Legal Reference: Section 168(1), Companies
Act, 2013
One Important Constraint — Minimum Director Requirement
While a director can resign freely, there is
one situation where the resignation cannot take effect immediately — when it
would reduce the number of directors below the statutory minimum. A Private
Limited Company must always have at least 2 directors. If a company has exactly
2 directors and one resigns without a replacement being appointed, the
resignation cannot be given effect until a new director is brought in.
Legal Reference: Section 149(1), Companies
Act, 2013
The Resignation Process — Step by Step
Step 1 — Director Sends a Written Resignation
The director must send a written resignation
letter to the company — addressed to the Board. The letter should clearly
mention the date from which the resignation is intended to be effective. It is
always better to send it through a traceable mode — registered post or email
with acknowledgement — to have a record of when it was received by the company.
There is no prescribed format for this
letter, but it should be clear and unambiguous.
Legal Reference: Section 168(1), Companies
Act, 2013
Step 2 — Company Files DIR-12 with the ROC
Within 30 days of receiving the resignation,
the company is required to file Form DIR-12 with the Registrar of Companies.
This form intimates the ROC about the change — that a director has ceased to
hold office — along with a copy of the resignation letter.
If the company does not file this, the
director's name continues to show as an active director in MCA records, which
creates problems for the director later.
Legal Reference: Section 168(2), Companies
Act, 2013 | Rule 15, Companies (Appointment and Qualification of Directors)
Rules, 2014
Step 3 — Director Files DIR-11 (Strongly Recommended)
This is a step many directors overlook — but
should not.
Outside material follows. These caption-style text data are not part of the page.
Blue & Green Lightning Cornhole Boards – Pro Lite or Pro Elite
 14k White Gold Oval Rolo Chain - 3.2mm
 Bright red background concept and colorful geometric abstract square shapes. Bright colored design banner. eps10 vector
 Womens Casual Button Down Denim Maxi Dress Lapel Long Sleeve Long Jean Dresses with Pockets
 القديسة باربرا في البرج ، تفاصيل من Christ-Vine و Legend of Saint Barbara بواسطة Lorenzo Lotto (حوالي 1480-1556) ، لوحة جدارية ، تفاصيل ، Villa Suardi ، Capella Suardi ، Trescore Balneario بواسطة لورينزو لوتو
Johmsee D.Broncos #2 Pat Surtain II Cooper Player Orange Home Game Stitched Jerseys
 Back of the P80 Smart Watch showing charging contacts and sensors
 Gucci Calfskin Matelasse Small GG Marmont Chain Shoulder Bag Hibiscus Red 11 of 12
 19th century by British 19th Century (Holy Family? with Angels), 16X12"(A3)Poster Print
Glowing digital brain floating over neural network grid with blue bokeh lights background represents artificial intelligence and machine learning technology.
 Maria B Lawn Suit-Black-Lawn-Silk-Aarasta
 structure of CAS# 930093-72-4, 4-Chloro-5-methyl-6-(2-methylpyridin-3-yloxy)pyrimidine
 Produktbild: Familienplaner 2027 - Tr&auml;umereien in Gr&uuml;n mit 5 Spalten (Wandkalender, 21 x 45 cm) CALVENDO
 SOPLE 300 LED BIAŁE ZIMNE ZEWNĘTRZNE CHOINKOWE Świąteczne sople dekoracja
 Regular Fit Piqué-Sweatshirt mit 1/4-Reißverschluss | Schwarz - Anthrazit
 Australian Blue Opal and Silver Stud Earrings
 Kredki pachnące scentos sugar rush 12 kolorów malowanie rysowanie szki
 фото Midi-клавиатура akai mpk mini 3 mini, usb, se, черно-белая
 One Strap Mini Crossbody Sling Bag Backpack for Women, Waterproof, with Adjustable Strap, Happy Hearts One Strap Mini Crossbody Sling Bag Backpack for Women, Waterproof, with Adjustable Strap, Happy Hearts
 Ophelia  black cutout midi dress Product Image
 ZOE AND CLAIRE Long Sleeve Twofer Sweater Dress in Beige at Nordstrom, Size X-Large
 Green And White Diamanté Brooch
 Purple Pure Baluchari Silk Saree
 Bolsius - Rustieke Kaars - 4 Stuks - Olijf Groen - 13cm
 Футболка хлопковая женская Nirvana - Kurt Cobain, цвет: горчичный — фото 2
Form DIR-11 allows the resigning director to directly intimate the
ROC about their own resignation, independently of the company. This is
particularly useful when the company delays or refuses to file DIR-12.
The director files DIR-11 with their own DSC,
attaching a copy of the resignation letter and acknowledgement from the
company. It should be filed within 30 days of the date of resignation.
Legal Reference: Rule 16, Companies
(Appointment and Qualification of Directors) Rules, 2014
Step 4 — Company Places It on Record in a Board Meeting
While the law does not require the Board to
'accept' a resignation (it takes effect automatically on receipt), companies
usually hold a Board Meeting to formally place the resignation on record,
update the Register of Directors, and initiate steps for appointing a
replacement if needed.
Documents Involved
From the Resigning Director
•
Written resignation letter addressed to the Board
•
DIR-11 form with DSC (for filing with ROC by the
director)
•
Proof of delivery of resignation to the company (post
receipt or email acknowledgement)
From the Company
•
Board Resolution noting the resignation
•
Copy of resignation letter received from the director
•
DIR-12 form with DSC of remaining director or KMP
Forms Filed at a Glance
•
DIR-11 — Filed by the director directly with ROC,
within 30 days of resignation
•
DIR-12 — Filed by the company with ROC, within 30 days
of receiving the resignation
After the Resignation — What Changes?
Once DIR-12 and DIR-11 are filed and
processed, the director's name is removed from the company's active director
record on the MCA portal. The Register of Directors is updated internally.
However, the resignation does not wipe out
past responsibilities. A director remains accountable for any acts or defaults
that occurred during their tenure — the date of resignation only marks the end
of future liability, not past.
Legal Reference: Section 168(3), Companies
Act, 2013
A Scenario Worth Knowing
There have been cases where directors who
resigned in good faith found their names still showing as active directors
months later — because the company never filed DIR-12. This has led to notices
being sent to these individuals for company defaults they had nothing to do
with.
This is precisely why filing DIR-11
personally is not just advisable — it is essential self-protection for any
director who is stepping down.
To Wrap Up
Resigning as a director is not as simple as
just sending a letter and walking away. Both the director and the company have
filings to make, and there are timelines to follow. The director who takes care
of their own DIR-11 filing is the one who does not have to worry about
surprises later.
If there is any doubt — especially in
situations where the company is not cooperating — consulting a Company
Secretary to handle the filing is the right call.